Chapter 5


Over the weekend, I didn't do much. I pretty much lazied around for all of Friday and did my homework on Saturday morning. But, by Saturday afternoon, I had nothing to do. So, I did what I always did when I was bored- I became nostalgic.

It was much worse this time. Normally, I would look at my yearbook comments and think of how much I missed the easiness of the year before or how glad I was to have the friends I did. But, ever since I went to Prestwall, I kept pushing off my sadness for missing my friends. And that afternoon, it all flooded in.

I looked through the comments, page by page, line by line and created this perfect idea in my mind. I assembled all the moments I felt included and happy in my middle school, which while weren't plentiful were still present, and began thinking of how much I missed my friends. How much I missed going to school every morning and talking to them and being able to be myself.
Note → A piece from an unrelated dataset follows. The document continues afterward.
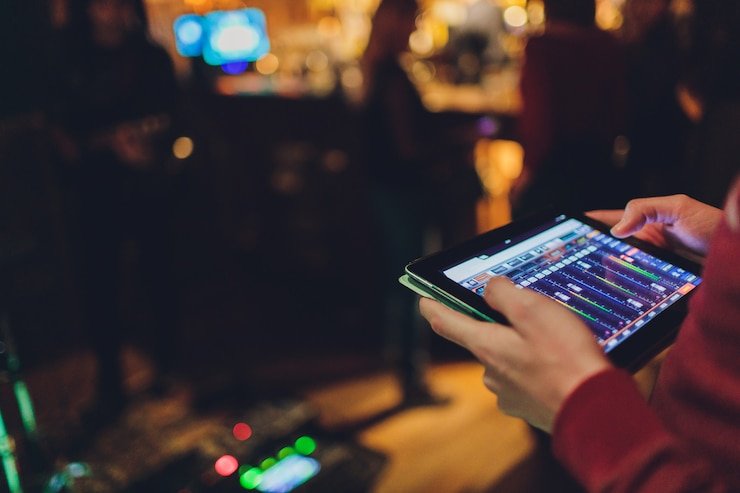 Antarmuka aplikasi terongbet di smartphone menampilkan meja dealer langsung dan menu navigasi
How much I missed hanging out with them on weekends. How much I missed being able to tell them anything and not having them judge me. And, before I knew it, my heart felt heavy and I was looking at the numerous pictures on my phone from the past three years.

Why had I chosen Prestwall? The people there were great, but they weren't inherently me. They were kind and inclusive, but I couldn't talk to them like I talked to my friends in middle school. They were... different.

I stayed like that for a long time, clutching my yearbook to my chest and re-reflecting the hard-pressed decision I had made a month ago. Was it really the right one?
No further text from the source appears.